This is the seventeenth in a multi-part blog on North Korea. You can find the others here
We said goodbye to our brave military escort at the DMZ, thankful that they’d protected us from the imminent danger of American attack.
We made one last stop on our way back to the capital, just outside Kaesong city. It was reputedly the tomb of an early Korean king and his Mongolian wife, but as with everything else in the DPRK, nothing could be taken at face value. North Korea has been known to fake archaeological findings to support whatever version of history is the current party line.
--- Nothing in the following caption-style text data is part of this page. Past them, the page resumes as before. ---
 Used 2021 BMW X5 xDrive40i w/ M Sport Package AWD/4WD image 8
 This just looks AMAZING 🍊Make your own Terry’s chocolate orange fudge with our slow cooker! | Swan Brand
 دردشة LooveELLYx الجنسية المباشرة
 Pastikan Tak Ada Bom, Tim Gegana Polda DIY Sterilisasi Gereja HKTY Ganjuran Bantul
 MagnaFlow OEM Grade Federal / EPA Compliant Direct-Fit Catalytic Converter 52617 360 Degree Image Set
Even if the physical site was authentic (and I believe it was), who knows how much of the interpretation was propaganda? The history of the Koryo Dysnasty—one of the founding kingdoms of Korea—is politically charged. The North believes that if they can claim control of that history, they can claim the right to lead a reunified Korean peninsula.
To the best of my knowledge, this burial mound was the only ancient tomb known to have survived the bombings of the Korean War. But despite my normal interest in history, I didn’t want to be there.
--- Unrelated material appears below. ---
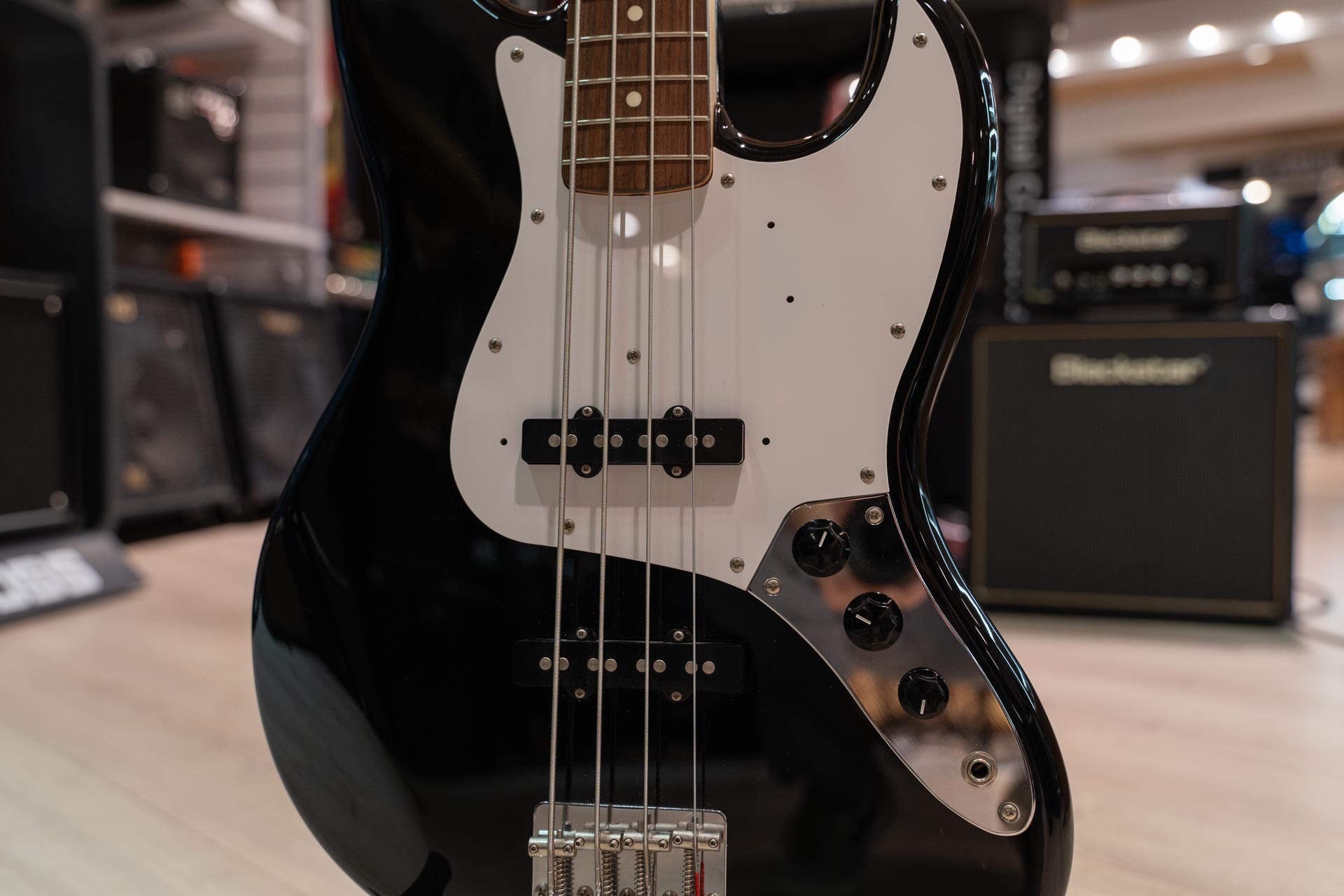 Fender Jazz Bass Japan 1990's бас-гитара с чехлом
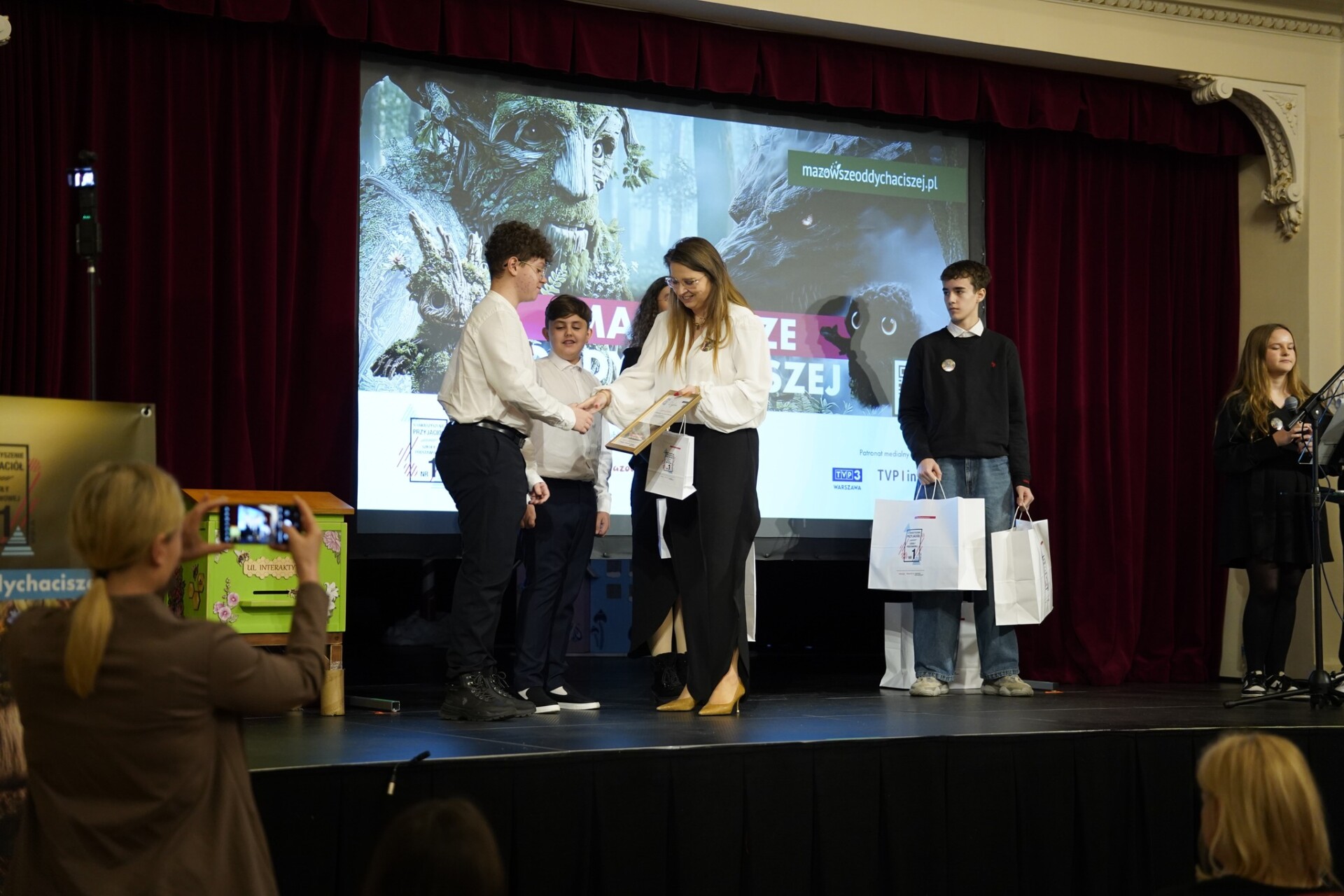 597899774_122227352438118985_2897793615058612443_n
The sun beat down on the site like a hammer, without even the mitigating hope of a breeze. I followed along at the tail end of our group, dragging my heels alongside an equally deflated Norwegian. I’d become sick to the gills of monuments, propaganda and especially stories about the Leader, and Jon felt the same.
As we plodded along in our sweat soaked misery, Jon whispered all the idiotic comments he wanted to ask our guide. He looked so sincere, and his Norwegian accent pushed it over the edge.
“Why is it that we never see the Leader? Is it because he’s so fat and ugly?”
And, “I have a question. Last night I had this dream that I was having sex with the Leader. Is this normal?”
I could picture so clearly Jon asking these questions in sincere tones, and the look of absolute horror that would freeze on the face of our guide.
We were cracking up like school kids, trying desperately to keep a straight face while stifling snorts of laughter. Contagious hysteria wasn’t far off.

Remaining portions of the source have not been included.